Страница 10 из 62
– Угомонись, Льюкин! – повелительно сказал Слинур. – Здесь не место твоим сомнительным догадкам.
– Догадкам? Моим? – взорвался Льюкин. – Да ведь ты сам говорил это, Слинур! И это, и то, что Хисвин задумал свергнуть Глипкерио, и даже то, что он вошел в союз с минголами! Давай же хоть раз выскажемся начистоту!
– Тогда высказывайся только за себя, командор, – мрачно отрезал Слинур. – Боюсь, от удара у тебя перекосило мозги. Серый Мышелов, ты же человек разумный, – взмолился он. – Неужто ты не понимаешь, что меня гнетет одна забота – эти массовые убийства посреди океана. Мы должны принять какие-то меры. Ну неужели никто из вас не может рассуждать здраво?
– Я могу, раз ты просишь, шкипер, – звонко сказала Хисвет, становясь на колени и поворачиваясь к Слинуру. Луч света, проникший сквозь отдушину, засеребрился в ее волосах и ярко вспыхнул на обруче. – Я всего-навсего девушка, не привыкшая рассуждать о войне и насилии, однако у меня есть простое объяснение, и я все ждала, что оно придет в голову кому-то из вас, людей поднаторевших в битвах.
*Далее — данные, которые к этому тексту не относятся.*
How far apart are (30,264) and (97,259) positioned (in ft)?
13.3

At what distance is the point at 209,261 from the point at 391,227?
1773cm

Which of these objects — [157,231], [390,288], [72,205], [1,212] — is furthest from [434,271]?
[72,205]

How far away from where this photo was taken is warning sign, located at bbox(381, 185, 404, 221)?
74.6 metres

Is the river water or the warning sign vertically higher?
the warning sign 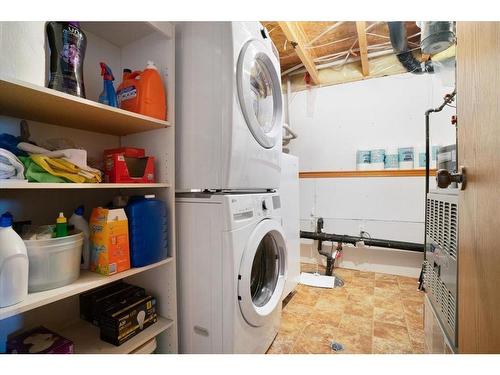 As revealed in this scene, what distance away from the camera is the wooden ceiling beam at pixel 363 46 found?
1.78 m

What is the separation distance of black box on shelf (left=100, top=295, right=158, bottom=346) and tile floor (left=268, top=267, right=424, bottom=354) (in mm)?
726

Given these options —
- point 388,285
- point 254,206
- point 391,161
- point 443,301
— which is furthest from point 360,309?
point 391,161

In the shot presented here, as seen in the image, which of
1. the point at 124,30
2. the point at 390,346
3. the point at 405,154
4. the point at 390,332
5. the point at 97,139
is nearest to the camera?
the point at 124,30

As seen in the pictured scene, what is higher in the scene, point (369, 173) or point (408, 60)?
point (408, 60)

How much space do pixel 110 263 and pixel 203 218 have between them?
0.39 m

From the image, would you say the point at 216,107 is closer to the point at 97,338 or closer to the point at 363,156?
the point at 97,338

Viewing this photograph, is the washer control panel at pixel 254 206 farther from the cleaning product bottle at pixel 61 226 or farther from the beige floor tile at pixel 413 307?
the beige floor tile at pixel 413 307

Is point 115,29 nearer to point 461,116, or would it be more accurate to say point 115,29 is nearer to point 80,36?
point 80,36

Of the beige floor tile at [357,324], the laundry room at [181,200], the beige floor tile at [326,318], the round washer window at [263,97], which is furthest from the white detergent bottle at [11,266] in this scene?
the beige floor tile at [357,324]

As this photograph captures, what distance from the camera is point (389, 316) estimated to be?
1.62 metres

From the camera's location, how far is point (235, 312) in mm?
984

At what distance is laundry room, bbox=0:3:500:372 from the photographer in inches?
25.9

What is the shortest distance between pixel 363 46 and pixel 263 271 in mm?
2103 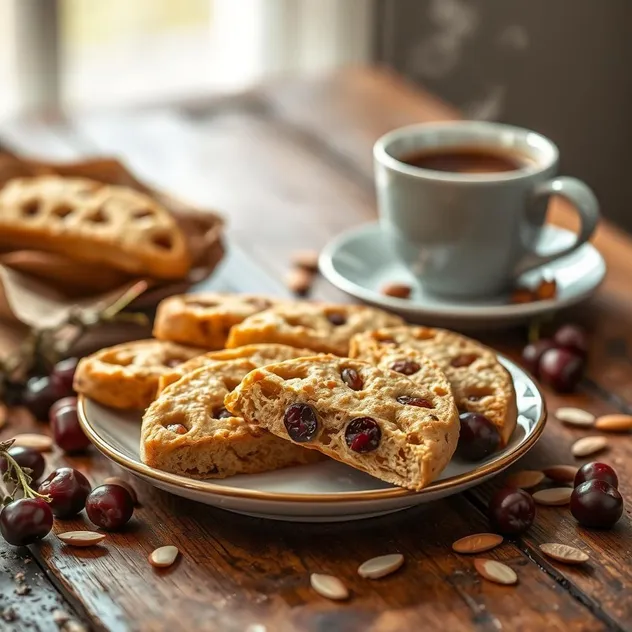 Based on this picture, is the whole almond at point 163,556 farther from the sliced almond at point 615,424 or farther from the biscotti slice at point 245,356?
the sliced almond at point 615,424

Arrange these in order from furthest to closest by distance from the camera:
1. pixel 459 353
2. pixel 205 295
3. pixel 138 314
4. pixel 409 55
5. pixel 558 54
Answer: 1. pixel 409 55
2. pixel 558 54
3. pixel 138 314
4. pixel 205 295
5. pixel 459 353

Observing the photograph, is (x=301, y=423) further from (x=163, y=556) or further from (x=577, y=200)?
(x=577, y=200)

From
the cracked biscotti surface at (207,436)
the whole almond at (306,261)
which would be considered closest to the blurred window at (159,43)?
the whole almond at (306,261)

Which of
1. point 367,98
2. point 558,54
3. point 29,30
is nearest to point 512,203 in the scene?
point 367,98

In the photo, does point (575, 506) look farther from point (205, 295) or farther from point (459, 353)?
point (205, 295)

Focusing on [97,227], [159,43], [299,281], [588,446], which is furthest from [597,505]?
[159,43]

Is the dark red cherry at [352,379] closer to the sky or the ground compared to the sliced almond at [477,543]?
closer to the sky

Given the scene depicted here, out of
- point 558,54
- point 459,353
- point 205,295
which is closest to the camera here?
point 459,353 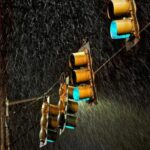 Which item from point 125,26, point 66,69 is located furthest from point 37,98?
point 125,26

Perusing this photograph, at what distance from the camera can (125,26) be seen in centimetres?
655

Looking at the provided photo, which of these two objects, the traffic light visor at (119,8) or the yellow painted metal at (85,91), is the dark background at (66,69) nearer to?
the yellow painted metal at (85,91)

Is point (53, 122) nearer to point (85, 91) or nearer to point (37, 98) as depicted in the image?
point (85, 91)

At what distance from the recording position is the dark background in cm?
784

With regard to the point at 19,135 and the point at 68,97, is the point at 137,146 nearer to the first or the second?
the point at 68,97

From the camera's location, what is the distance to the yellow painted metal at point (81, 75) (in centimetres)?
830

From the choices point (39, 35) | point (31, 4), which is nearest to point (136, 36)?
point (39, 35)

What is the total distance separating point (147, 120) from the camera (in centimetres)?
748

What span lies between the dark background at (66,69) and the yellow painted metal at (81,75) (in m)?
0.64

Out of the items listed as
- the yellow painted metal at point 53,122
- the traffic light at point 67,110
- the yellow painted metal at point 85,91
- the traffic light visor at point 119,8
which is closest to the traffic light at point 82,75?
the yellow painted metal at point 85,91

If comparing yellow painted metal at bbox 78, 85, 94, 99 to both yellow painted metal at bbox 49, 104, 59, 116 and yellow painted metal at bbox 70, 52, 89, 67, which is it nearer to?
yellow painted metal at bbox 70, 52, 89, 67

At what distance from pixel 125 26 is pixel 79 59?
2.09 meters

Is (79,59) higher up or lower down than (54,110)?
higher up

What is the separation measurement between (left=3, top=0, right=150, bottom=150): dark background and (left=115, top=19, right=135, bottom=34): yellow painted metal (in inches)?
31.4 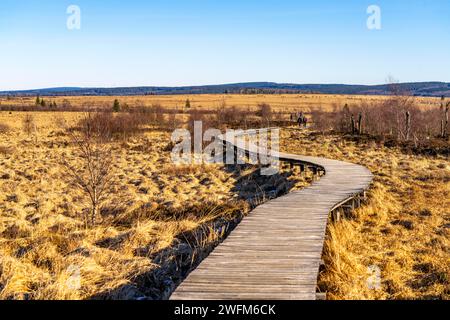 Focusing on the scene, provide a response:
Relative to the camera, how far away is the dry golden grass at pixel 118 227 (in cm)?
589

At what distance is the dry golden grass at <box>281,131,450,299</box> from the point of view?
602 centimetres

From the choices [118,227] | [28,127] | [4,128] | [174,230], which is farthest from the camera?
[4,128]

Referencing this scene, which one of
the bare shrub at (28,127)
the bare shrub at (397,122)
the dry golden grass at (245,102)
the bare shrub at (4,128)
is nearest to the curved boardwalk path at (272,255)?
the bare shrub at (397,122)

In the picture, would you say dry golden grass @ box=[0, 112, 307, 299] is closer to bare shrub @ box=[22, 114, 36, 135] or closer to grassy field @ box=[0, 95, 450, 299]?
grassy field @ box=[0, 95, 450, 299]

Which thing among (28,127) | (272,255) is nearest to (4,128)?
(28,127)

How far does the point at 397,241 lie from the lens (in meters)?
8.06

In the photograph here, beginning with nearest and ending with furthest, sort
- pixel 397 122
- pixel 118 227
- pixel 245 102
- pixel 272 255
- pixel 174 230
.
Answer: pixel 272 255 → pixel 174 230 → pixel 118 227 → pixel 397 122 → pixel 245 102

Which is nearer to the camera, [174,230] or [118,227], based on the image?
[174,230]

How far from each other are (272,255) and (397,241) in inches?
127

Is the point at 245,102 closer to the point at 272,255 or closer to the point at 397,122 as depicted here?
the point at 397,122

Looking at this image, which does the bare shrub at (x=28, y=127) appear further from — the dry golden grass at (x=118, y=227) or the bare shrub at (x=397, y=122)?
the bare shrub at (x=397, y=122)

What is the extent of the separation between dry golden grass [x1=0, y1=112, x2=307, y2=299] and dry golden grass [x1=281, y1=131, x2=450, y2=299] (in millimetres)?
2164

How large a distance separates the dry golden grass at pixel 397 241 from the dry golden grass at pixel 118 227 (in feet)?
7.10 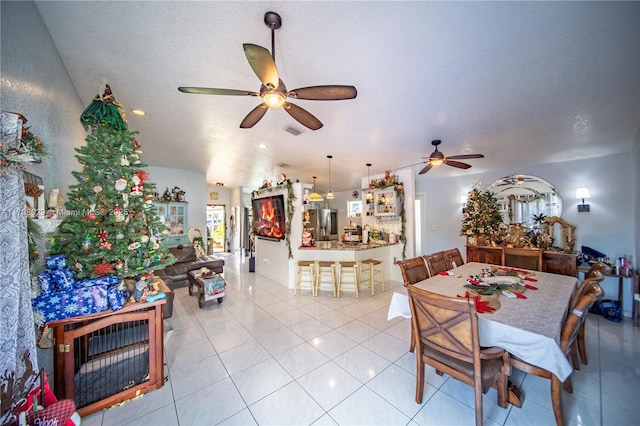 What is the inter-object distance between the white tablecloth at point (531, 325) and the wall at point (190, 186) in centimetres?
618

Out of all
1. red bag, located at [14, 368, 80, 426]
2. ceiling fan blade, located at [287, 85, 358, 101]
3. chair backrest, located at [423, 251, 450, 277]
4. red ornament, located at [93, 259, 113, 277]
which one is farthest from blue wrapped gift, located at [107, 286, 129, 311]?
chair backrest, located at [423, 251, 450, 277]

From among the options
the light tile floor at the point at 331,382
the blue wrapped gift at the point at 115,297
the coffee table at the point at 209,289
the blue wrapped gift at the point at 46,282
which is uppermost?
the blue wrapped gift at the point at 46,282

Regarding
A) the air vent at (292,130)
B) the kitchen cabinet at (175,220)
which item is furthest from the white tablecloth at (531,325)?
the kitchen cabinet at (175,220)

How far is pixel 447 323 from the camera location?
4.91 feet

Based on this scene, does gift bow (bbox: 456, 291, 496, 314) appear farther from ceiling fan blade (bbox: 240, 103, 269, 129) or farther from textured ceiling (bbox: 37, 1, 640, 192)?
ceiling fan blade (bbox: 240, 103, 269, 129)

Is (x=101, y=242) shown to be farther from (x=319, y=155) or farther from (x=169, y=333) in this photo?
(x=319, y=155)

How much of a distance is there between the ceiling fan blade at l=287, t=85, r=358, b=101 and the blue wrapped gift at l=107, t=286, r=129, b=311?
2099mm

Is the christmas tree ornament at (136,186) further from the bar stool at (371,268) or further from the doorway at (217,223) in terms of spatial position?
the doorway at (217,223)

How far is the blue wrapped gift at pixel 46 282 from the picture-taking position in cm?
153

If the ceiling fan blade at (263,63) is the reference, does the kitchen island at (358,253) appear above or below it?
below

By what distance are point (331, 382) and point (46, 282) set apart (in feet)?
7.63

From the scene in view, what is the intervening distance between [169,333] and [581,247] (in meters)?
6.81

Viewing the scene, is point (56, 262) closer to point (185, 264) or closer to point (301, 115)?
point (301, 115)

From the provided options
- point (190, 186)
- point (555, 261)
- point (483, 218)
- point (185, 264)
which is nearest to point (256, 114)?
point (185, 264) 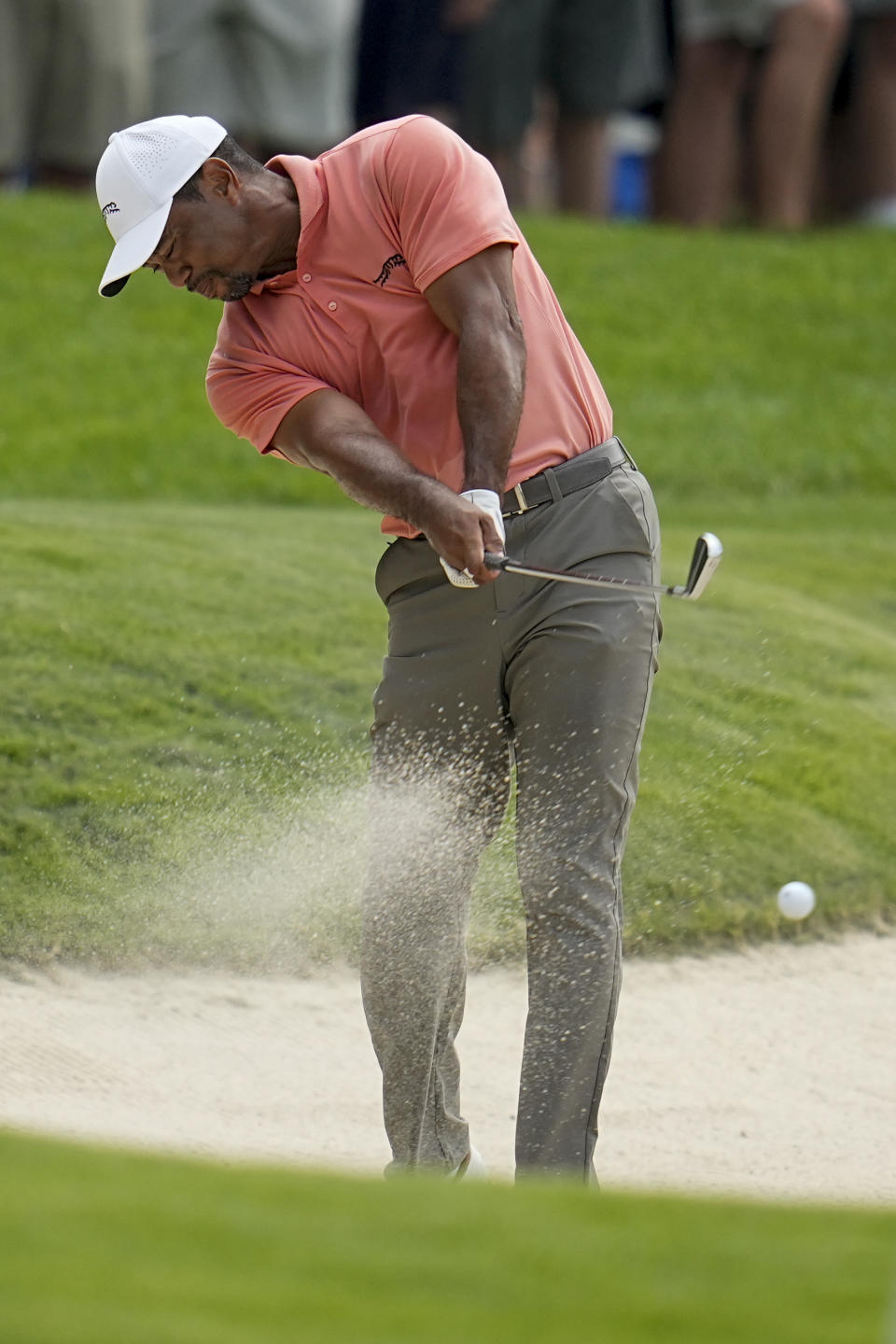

Прошлой ночью погиб корабль. Вы взваливаете вину на крыс – маленьких зверьков, которые всегда покидают тонущее судно, среди которых часто встречаются одна-две белые и которых только человек с очень буйным воображением может обвинить в убийстве всей команды и в исчезновении трупов. Чтобы в этих диких домыслах у вас сошлись концы с концами, вы сделали из меня королеву крыс, способную творить всякие черные чудеса, а теперь еще хотите моего старенького папочку возвести в ранг крысиного короля. Но сегодня утром вы встретились с погубителем кораблей, если таковой на самом деле был, и позволили этому хрюкало спокойно уплыть. Да ведь даже сам человек-демон признался, что он ищет многоглавое чудище, которое хватает матросов прямо с кораблей и пожирает их. Конечно, он соврал, когда говорил, будто этот его найденыш питается лишь всякой мелюзгой, – ведь он напал на меня, а до этого мог сожрать любого из вас и сделал бы это, не будь он сыт. Вероятнее всего, этот двухголовый дракон и сожрал всех матросов с «Устрицы», а если они забрались в трюм, он извлек их оттуда, словно конфеты из коробки, а потом прогрыз дыры в обшивке судна. А еще вероятнее, что «Устрица» пропорола в тумане днище на Драконьих скалах, тут-то на нее и напало чудище. Эти мрачные вещи, господа, очевидны даже для слабой девушки, и, чтобы до них додуматься, не нужно быть семи пядей во лбу.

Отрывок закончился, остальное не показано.